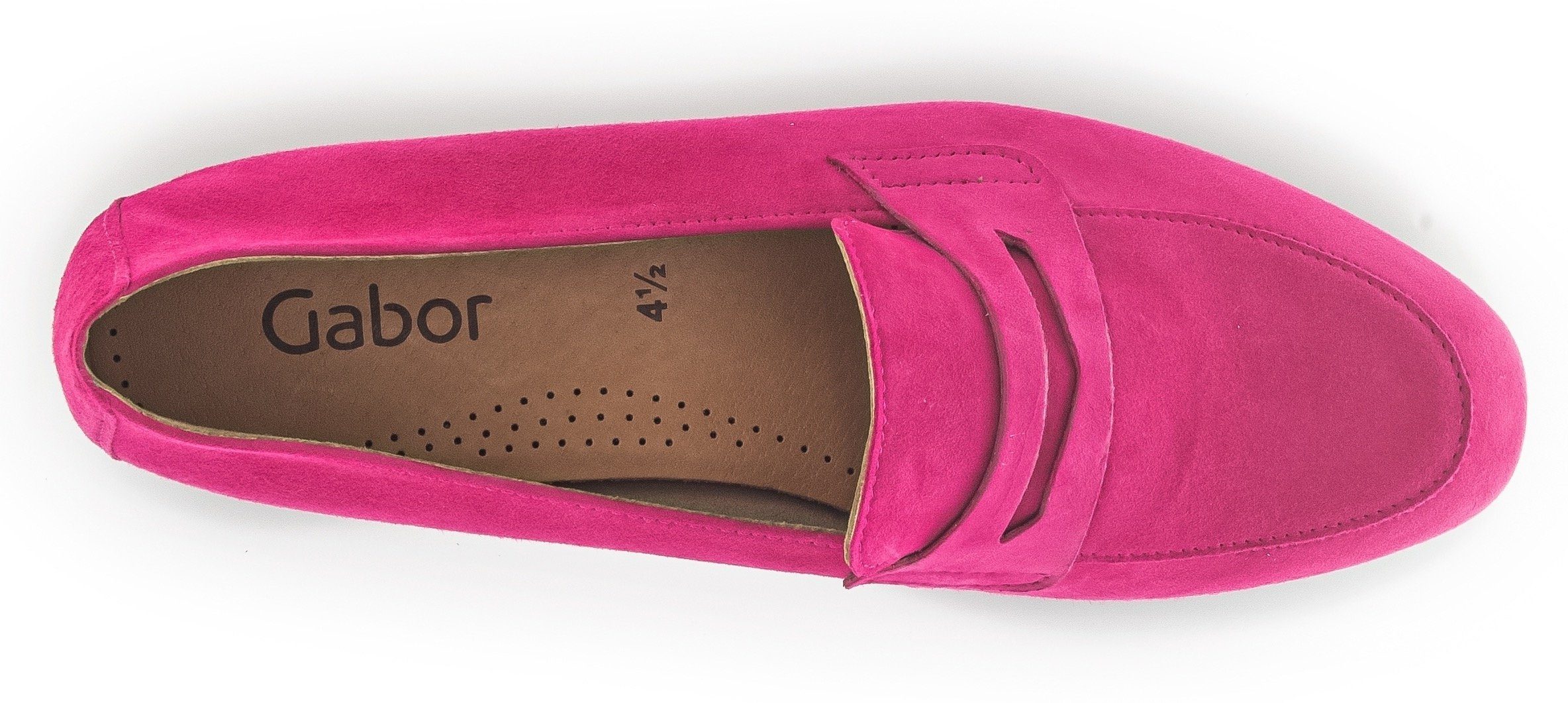 Gabor Loafers Slipper, business schoen met versierband en blokhak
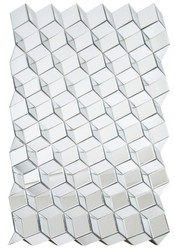 4251287785951 - Designer Wohnzimmer Wandspiegel 93 x H 145 cm - Luxus MÃ¶bel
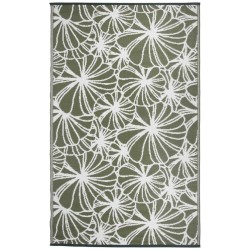 Esschert Design Tappeto da Esterno 241x152 cm Stile Floreale OC21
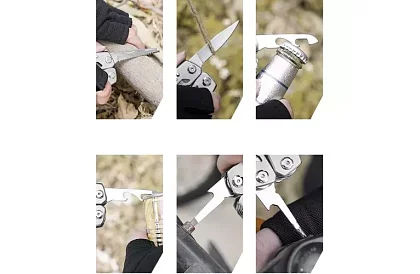 Multifunkčné kliešte – nástroj 13v1 + 11 bitov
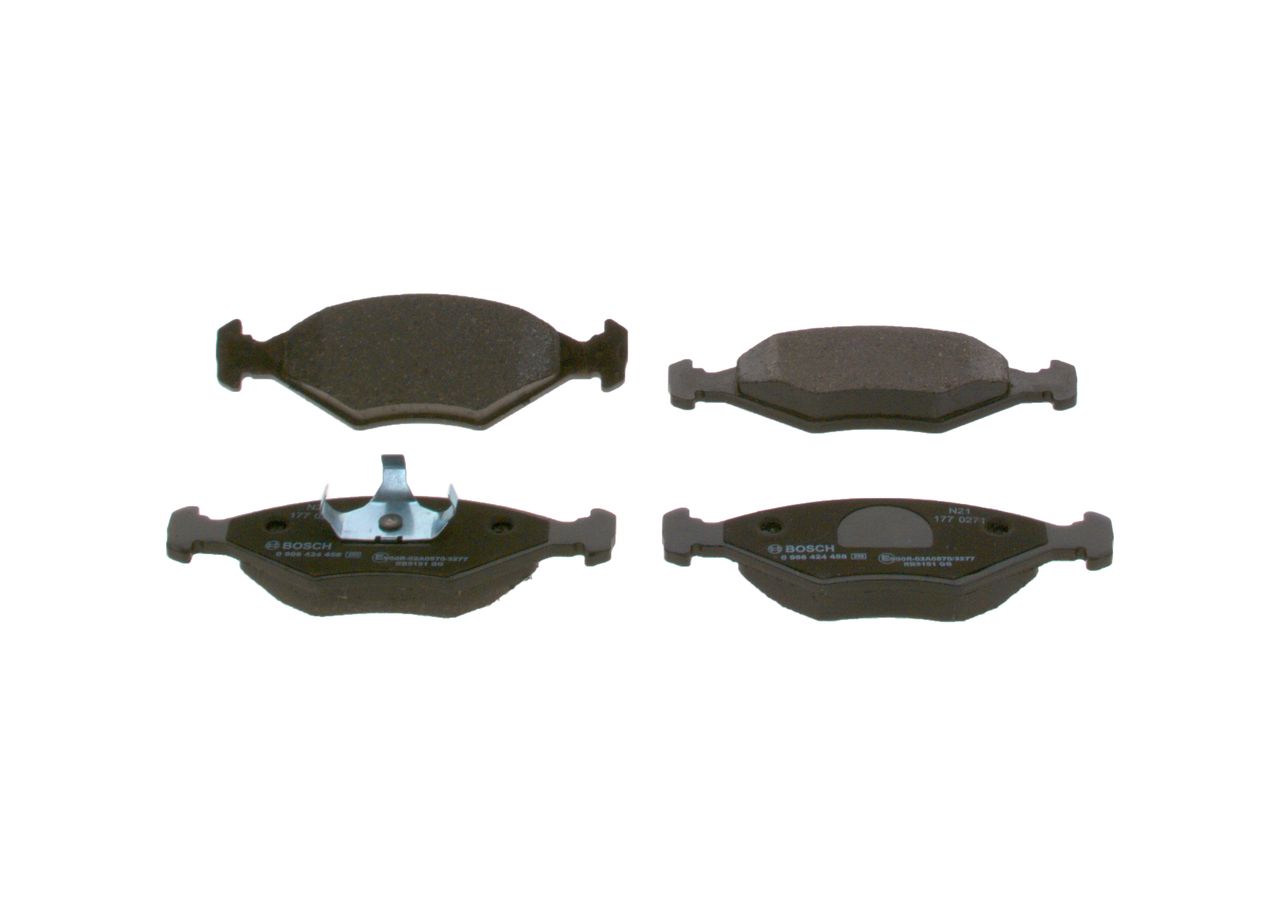 BOSCH 0 986 424 458 - Bremsbelagsatz, Scheibenbremse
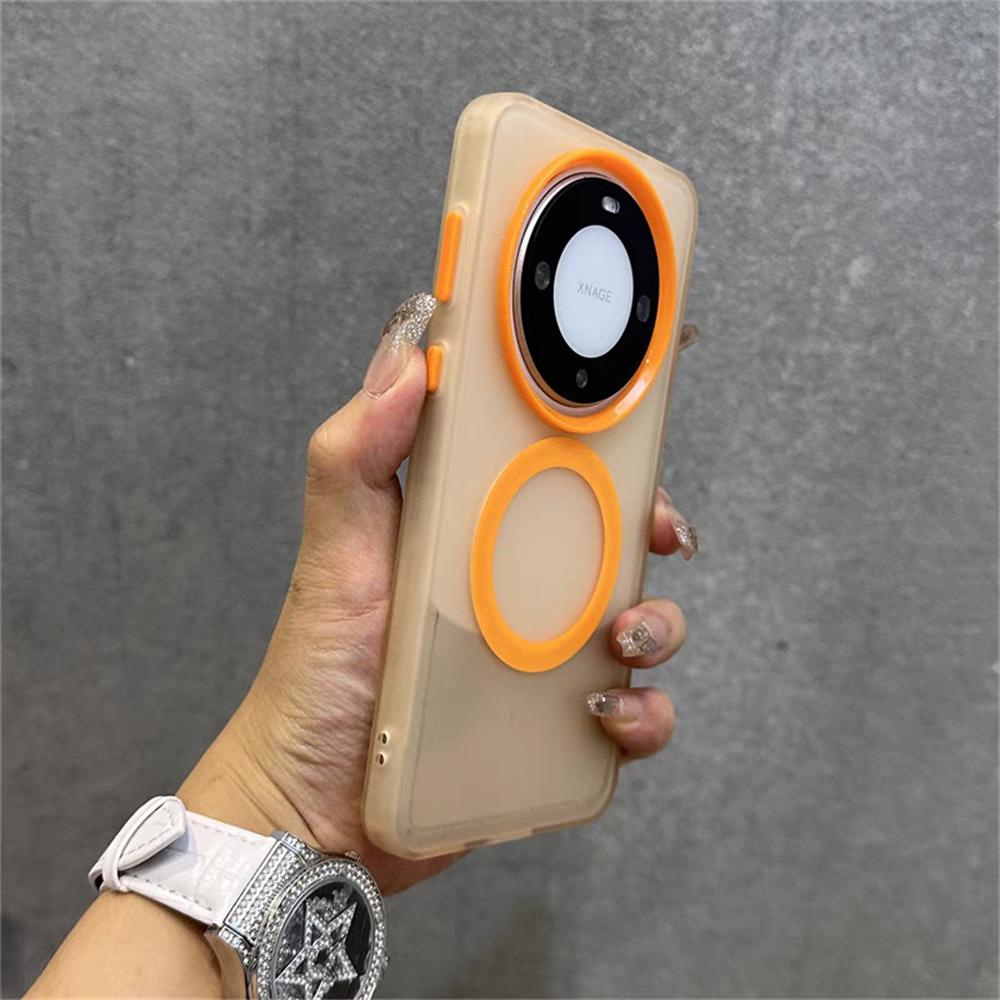 Matte Clear Candy Magnetic For Magsafe Case For Huawei P70 Ultra Mate 70 60 Plus Honor 300 X60 X50 X9 X8 B C Magic 7 Pro 6 Lite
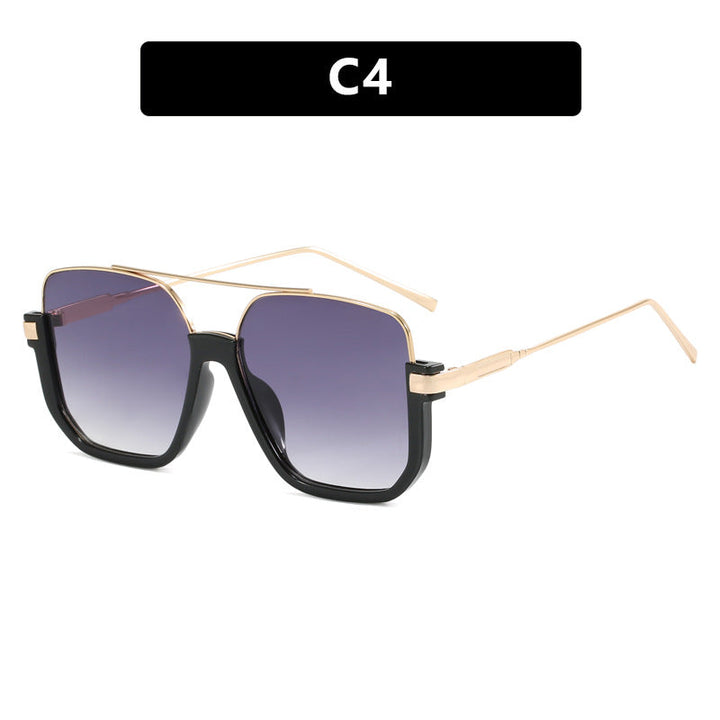 Women oversized sunglasses with trendy square frame and protective UV filter Kalsten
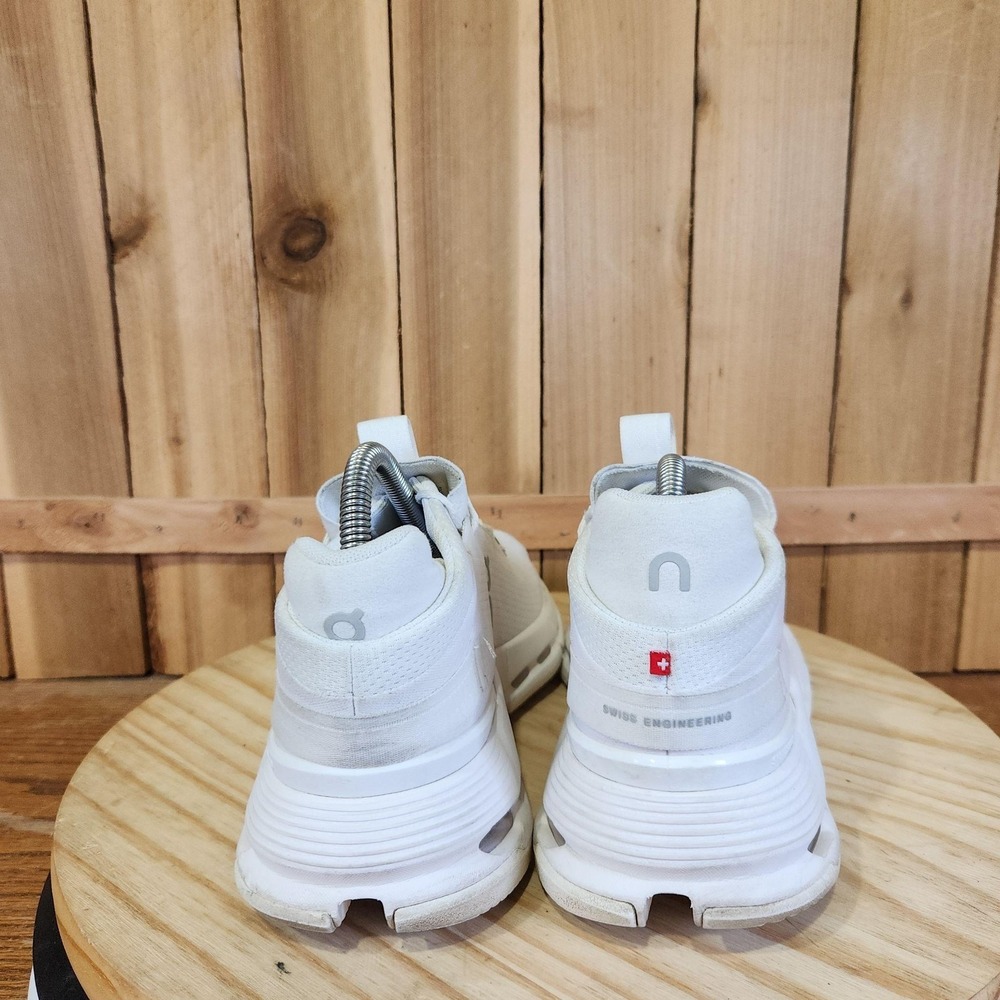 On Cloudnova 2 Shoes Womens 9 White Mesh Running Sneakers CloudTec Athletic - Picture 4 of 10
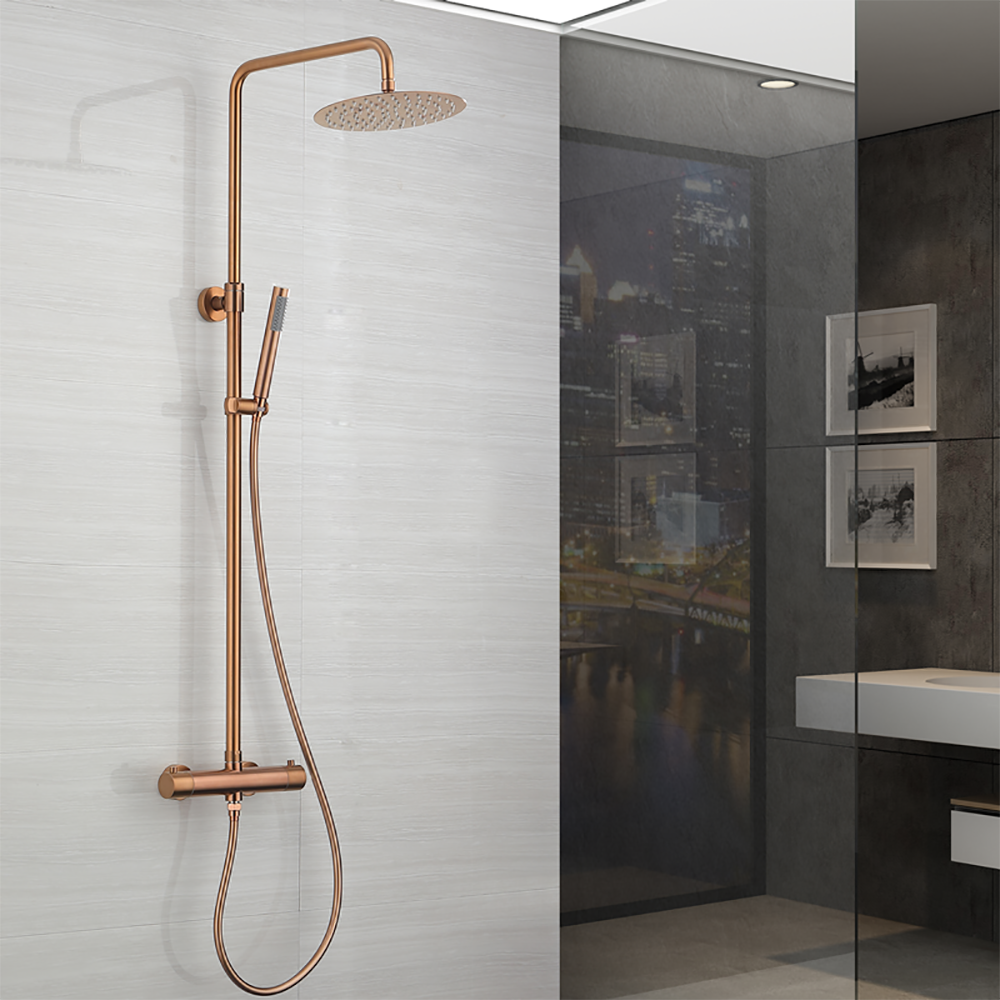 hudor-p-n-e-sc418-colonne-douche-or-rose-250-mm image 3
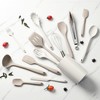 LIANYU Kitchen Utensils Set with Holder, 14 Pcs Silicone Cooking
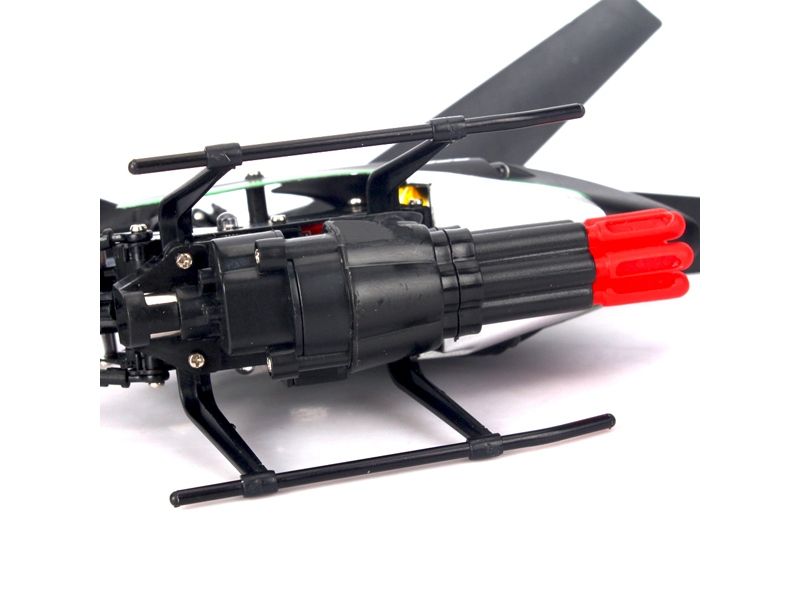 Радиоуправляемый вертолет WLToys V398 IR RTF стреляет ракетами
######
**Task goal**:
Everything from the line with "Women oversized sunglasses" through the last line of the listing above is to be copied exactly, both ends included, except the pictures.

**Answer below**:
 Women oversized sunglasses with trendy square frame and protective UV filter Kalsten
 On Cloudnova 2 Shoes Womens 9 White Mesh Running Sneakers CloudTec Athletic - Picture 4 of 10
 hudor-p-n-e-sc418-colonne-douche-or-rose-250-mm image 3
 LIANYU Kitchen Utensils Set with Holder, 14 Pcs Silicone Cooking
 Радиоуправляемый вертолет WLToys V398 IR RTF стреляет ракетами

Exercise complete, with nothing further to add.